Stopping at the line that holds "Breakers Guest House-3", repeat the lines below exactly, starting from the very first and including that final line.

*** Begin section ***

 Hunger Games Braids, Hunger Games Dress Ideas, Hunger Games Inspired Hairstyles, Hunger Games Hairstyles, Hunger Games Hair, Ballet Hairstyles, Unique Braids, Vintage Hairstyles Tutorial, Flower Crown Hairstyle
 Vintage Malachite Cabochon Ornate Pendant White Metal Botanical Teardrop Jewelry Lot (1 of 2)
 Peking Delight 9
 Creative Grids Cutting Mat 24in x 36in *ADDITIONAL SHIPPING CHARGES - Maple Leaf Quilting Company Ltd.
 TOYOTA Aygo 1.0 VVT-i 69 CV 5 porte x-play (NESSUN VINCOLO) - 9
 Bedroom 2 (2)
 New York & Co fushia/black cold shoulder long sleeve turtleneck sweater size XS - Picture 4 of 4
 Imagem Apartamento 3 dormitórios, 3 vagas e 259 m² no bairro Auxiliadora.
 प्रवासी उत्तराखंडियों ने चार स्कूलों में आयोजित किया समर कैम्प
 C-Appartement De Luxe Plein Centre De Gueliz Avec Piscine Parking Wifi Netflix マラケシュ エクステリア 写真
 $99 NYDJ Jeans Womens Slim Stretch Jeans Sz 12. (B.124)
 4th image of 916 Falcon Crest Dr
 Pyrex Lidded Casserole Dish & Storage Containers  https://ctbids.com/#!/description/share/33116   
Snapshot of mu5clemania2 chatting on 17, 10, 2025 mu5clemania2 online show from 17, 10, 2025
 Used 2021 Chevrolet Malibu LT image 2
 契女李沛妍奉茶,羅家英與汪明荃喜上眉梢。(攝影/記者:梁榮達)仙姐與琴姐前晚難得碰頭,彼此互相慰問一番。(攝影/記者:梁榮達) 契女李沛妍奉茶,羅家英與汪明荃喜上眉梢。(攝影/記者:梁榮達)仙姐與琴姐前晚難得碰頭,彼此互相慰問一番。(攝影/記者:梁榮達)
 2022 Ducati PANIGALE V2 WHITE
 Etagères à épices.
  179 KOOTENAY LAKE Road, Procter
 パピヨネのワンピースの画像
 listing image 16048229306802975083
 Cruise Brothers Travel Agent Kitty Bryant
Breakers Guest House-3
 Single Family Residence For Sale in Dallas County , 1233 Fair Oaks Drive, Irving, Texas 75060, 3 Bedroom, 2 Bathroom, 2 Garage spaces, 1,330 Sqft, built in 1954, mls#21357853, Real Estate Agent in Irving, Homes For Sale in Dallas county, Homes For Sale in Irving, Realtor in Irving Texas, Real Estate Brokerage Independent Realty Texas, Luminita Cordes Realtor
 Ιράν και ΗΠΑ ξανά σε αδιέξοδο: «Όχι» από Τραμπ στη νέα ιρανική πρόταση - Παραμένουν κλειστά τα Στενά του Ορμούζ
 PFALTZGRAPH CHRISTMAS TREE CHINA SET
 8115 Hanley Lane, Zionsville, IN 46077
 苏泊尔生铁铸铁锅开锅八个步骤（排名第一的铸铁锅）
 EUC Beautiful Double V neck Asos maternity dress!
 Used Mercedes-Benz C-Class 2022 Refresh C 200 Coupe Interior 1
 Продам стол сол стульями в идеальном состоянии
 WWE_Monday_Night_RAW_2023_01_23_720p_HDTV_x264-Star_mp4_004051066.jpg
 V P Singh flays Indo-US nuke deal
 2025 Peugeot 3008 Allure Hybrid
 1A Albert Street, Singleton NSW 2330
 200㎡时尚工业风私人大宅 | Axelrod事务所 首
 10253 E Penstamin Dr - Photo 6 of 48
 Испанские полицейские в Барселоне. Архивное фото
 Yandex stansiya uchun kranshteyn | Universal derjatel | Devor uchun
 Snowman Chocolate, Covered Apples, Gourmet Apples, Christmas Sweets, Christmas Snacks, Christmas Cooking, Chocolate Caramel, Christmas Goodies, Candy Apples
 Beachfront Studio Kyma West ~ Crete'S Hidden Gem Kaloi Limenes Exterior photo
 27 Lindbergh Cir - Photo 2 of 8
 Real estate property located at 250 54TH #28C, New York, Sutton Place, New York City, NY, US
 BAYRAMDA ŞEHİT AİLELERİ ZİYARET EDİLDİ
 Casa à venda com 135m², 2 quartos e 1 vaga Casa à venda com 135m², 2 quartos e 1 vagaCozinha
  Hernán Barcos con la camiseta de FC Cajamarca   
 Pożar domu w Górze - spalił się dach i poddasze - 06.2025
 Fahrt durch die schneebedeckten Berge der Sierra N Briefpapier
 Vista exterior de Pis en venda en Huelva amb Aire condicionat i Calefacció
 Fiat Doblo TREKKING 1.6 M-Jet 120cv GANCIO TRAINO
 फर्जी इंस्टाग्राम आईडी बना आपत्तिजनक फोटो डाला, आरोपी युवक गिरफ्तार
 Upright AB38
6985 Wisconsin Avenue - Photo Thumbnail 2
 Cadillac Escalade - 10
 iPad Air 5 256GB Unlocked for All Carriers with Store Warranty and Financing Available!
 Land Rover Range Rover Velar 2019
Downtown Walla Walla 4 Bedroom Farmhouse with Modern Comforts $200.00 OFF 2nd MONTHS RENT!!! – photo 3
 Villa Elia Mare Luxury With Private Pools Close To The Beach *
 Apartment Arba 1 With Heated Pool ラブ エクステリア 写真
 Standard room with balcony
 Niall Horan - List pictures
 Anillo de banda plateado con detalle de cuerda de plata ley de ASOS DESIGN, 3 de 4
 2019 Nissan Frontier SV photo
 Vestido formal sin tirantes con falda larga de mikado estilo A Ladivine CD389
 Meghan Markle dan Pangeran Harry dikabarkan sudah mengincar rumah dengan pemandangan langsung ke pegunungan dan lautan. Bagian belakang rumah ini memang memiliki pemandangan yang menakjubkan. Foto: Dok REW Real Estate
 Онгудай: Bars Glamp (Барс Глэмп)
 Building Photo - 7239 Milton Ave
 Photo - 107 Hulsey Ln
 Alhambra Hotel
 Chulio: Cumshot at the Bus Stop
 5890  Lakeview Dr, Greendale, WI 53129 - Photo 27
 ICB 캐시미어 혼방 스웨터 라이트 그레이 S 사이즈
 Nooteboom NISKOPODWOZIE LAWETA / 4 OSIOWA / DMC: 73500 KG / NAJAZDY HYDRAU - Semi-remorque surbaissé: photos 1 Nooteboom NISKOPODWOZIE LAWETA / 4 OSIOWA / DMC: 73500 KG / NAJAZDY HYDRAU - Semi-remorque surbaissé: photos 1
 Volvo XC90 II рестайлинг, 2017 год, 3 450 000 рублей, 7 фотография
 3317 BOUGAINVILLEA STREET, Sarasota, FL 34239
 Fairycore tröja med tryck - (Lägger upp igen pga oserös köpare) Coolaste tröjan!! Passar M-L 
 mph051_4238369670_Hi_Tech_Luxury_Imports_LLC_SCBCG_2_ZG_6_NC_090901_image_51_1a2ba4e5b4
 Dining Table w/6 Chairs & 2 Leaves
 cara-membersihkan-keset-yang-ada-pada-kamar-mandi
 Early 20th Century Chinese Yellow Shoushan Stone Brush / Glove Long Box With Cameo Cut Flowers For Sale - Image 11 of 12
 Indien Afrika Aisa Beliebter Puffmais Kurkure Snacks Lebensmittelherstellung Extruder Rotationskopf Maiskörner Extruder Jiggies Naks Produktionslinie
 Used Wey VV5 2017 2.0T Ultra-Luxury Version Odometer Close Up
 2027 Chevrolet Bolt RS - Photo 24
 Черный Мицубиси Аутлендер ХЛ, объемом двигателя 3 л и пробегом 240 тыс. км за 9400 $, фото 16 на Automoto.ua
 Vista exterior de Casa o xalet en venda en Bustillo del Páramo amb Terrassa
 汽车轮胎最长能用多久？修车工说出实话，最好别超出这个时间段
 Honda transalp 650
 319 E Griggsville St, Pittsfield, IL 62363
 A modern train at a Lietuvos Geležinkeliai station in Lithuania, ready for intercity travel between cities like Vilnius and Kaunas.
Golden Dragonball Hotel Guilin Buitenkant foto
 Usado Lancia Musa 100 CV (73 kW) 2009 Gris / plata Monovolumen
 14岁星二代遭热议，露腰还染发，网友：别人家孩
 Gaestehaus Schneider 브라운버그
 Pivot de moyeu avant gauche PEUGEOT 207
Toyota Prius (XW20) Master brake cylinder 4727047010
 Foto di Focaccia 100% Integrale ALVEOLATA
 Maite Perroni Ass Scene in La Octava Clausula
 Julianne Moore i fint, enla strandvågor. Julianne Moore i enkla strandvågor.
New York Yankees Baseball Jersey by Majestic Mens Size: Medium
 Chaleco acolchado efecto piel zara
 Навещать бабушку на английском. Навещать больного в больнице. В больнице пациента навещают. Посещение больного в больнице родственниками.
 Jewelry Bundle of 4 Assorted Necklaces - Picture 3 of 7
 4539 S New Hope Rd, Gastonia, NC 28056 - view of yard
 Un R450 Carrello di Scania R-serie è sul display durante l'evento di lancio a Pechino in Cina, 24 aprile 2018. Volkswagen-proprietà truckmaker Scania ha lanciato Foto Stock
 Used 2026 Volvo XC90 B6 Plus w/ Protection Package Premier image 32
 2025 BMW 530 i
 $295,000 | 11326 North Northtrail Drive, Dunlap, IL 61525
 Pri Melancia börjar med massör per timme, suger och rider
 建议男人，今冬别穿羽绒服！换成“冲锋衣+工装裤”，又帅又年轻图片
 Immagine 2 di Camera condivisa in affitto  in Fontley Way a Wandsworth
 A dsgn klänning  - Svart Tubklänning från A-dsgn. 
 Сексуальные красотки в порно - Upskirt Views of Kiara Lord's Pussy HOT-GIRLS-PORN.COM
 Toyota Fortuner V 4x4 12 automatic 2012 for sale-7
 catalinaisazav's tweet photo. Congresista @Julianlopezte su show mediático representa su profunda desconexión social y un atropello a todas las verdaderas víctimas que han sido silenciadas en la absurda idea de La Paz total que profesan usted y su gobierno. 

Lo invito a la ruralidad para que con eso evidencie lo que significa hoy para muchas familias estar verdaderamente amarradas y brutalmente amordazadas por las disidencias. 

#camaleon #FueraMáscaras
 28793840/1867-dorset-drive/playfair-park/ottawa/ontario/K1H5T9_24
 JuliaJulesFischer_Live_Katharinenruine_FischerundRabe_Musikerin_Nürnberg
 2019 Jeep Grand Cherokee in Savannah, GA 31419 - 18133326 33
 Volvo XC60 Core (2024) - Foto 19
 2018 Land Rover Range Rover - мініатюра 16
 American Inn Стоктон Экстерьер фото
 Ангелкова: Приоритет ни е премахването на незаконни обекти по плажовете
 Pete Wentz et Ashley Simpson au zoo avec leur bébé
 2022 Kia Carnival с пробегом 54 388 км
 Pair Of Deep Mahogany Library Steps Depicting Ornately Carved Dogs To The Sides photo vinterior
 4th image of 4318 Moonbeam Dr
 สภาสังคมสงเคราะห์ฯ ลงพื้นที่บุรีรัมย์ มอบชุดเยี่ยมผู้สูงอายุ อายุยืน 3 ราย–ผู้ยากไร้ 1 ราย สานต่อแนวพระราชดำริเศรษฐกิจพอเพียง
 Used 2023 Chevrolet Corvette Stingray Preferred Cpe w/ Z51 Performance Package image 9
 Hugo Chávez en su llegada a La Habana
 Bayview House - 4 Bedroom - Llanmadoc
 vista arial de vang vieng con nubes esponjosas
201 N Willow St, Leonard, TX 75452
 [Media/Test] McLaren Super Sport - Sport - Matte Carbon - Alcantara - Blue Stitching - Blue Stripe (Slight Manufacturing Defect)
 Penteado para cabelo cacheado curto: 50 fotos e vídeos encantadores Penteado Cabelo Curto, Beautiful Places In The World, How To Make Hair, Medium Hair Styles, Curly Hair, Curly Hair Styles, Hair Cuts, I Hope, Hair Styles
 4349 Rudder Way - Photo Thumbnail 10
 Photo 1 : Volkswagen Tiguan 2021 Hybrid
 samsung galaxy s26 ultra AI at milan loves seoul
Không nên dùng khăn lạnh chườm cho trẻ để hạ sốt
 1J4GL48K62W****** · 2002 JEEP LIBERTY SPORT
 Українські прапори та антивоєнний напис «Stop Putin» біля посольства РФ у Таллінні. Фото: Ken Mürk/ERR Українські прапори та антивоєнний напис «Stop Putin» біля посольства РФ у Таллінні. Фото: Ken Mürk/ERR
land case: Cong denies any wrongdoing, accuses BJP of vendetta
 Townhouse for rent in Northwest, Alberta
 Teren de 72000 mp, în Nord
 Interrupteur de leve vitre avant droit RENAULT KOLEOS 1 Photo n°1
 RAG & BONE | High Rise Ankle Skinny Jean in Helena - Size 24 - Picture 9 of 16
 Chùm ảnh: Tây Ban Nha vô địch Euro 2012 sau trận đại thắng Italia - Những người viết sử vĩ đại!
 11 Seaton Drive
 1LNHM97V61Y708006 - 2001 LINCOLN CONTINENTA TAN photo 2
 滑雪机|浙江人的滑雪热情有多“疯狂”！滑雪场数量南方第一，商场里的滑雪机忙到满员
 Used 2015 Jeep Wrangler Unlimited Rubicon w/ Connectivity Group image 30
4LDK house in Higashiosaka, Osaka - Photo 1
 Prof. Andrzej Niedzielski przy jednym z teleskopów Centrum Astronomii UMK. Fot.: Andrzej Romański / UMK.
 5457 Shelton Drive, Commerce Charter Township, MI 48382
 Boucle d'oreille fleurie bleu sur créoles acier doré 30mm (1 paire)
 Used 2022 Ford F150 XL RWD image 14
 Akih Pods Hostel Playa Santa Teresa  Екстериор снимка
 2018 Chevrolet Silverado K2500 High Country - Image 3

*** End section ***

**Solution**
 Hunger Games Braids, Hunger Games Dress Ideas, Hunger Games Inspired Hairstyles, Hunger Games Hairstyles, Hunger Games Hair, Ballet Hairstyles, Unique Braids, Vintage Hairstyles Tutorial, Flower Crown Hairstyle
 Vintage Malachite Cabochon Ornate Pendant White Metal Botanical Teardrop Jewelry Lot (1 of 2)
 Peking Delight 9
 Creative Grids Cutting Mat 24in x 36in *ADDITIONAL SHIPPING CHARGES - Maple Leaf Quilting Company Ltd.
 TOYOTA Aygo 1.0 VVT-i 69 CV 5 porte x-play (NESSUN VINCOLO) - 9
 Bedroom 2 (2)
 New York & Co fushia/black cold shoulder long sleeve turtleneck sweater size XS - Picture 4 of 4
 Imagem Apartamento 3 dormitórios, 3 vagas e 259 m² no bairro Auxiliadora.
 प्रवासी उत्तराखंडियों ने चार स्कूलों में आयोजित किया समर कैम्प
 C-Appartement De Luxe Plein Centre De Gueliz Avec Piscine Parking Wifi Netflix マラケシュ エクステリア 写真
 $99 NYDJ Jeans Womens Slim Stretch Jeans Sz 12. (B.124)
 4th image of 916 Falcon Crest Dr
 Pyrex Lidded Casserole Dish & Storage Containers  https://ctbids.com/#!/description/share/33116   
Snapshot of mu5clemania2 chatting on 17, 10, 2025 mu5clemania2 online show from 17, 10, 2025
 Used 2021 Chevrolet Malibu LT image 2
 契女李沛妍奉茶,羅家英與汪明荃喜上眉梢。(攝影/記者:梁榮達)仙姐與琴姐前晚難得碰頭,彼此互相慰問一番。(攝影/記者:梁榮達) 契女李沛妍奉茶,羅家英與汪明荃喜上眉梢。(攝影/記者:梁榮達)仙姐與琴姐前晚難得碰頭,彼此互相慰問一番。(攝影/記者:梁榮達)
 2022 Ducati PANIGALE V2 WHITE
 Etagères à épices.
  179 KOOTENAY LAKE Road, Procter
 パピヨネのワンピースの画像
 listing image 16048229306802975083
 Cruise Brothers Travel Agent Kitty Bryant
Breakers Guest House-3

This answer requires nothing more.